Pero no son estos los únicos símbolos de orgullo para los leoneses. En Palat de Rey, la iglesia más antigua de la ciudad, del s. X, se han encontrado restos mozárabes y visigóticos de la primitiva construcción en diferentes excavaciones. Hay otras iglesias antiguas como la del Mercado, que se acerca de espaldas a la plaza del Grano, empedrada entre humildes soportales y donde dos ríos/dos ángeles abrazan la ciudad/una columna; la de San Martín, la de Santa Ana, la de Santa María la Real; y viejos torreones y palacios como el de los Conde de Luna; y restos de murallas y edificios señoriales en los que late la historia de un reino, un orgullo y una ambición. Aquí se celebraron las primeras Cortes democráticas de la vieja Europa cuando en 1188 Alfonso IX convocó a concilio a obispos, nobles y también a ciudadanos representantes del pueblo. Antes, otro Alfonso, el V, convocó igualmente a la curia y los grandes de León, Galicia y Asturias a otra asamblea donde además de leyes generales para el gobierno de los reinos, se promulgó el Fuero de León, el más importante de España durante la Edad Media.

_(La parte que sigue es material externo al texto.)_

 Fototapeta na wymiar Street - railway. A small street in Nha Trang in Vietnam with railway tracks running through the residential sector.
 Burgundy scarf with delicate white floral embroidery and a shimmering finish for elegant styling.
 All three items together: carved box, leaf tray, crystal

Aires de ayer y caminos de esperanza, la ciudad se fue abriendo hacia el futuro. Aquella “isla deliciosa entre dos ríos”, no sólo desbordó pronto el viejo campamento romano para incorporar en el s. XIV “el burgo nuevo” y más tarde el recinto medieval, sino también las cuencas del Torío y el Bernesga para salir al exterior y mezclarse con el mundo. Se “ensanchaba” la ciudad. La Gran Vía comunicaba la plaza de Santo Domingo con la de San Marcos, paseos tranquilos como el de la Ronda (Papalaguinda) y el de la Playa, bordeando el río, se iban llenando al atardecer de ciudadanos inquietos y tranquilos a la vez, amantes del reposo y la aventura, cultos y profundos en una pequeña capital de provincias que llegó a tener diez periódicos y once puertas como símbolo de su afán de conocimiento y comunicación.

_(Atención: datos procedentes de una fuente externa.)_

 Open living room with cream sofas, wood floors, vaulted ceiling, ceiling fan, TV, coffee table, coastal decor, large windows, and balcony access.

A pesar de todo , o quizá por eso, León hoy es una ciudad contradictoria y rica que sigue buscando, no sin dificultades, su destino. Una gran desconocida de la que fuera de sus fronteras sólo se sabe que tiene catedral y un invierno frío. O sea, nada. Por eso quienes la visitan se sorprenden al recorrer sus calles, visitar sus monumentos y conocer sus costumbres, su clima y a sus gentes. Sánchez Albornoz dice de ella que hace ya más de mil años, “cuando fue la población más importante de la España cristiana, León vivía a ras de tierra, sin otro acicate que la sensualidad y sin otra inquietud espiritual que una honda y ardiente devoción. Mística y sensual, guerrera y campesina, la ciudad toda dividía sus horas entre el rezo y el agro, el amor y la guerra”.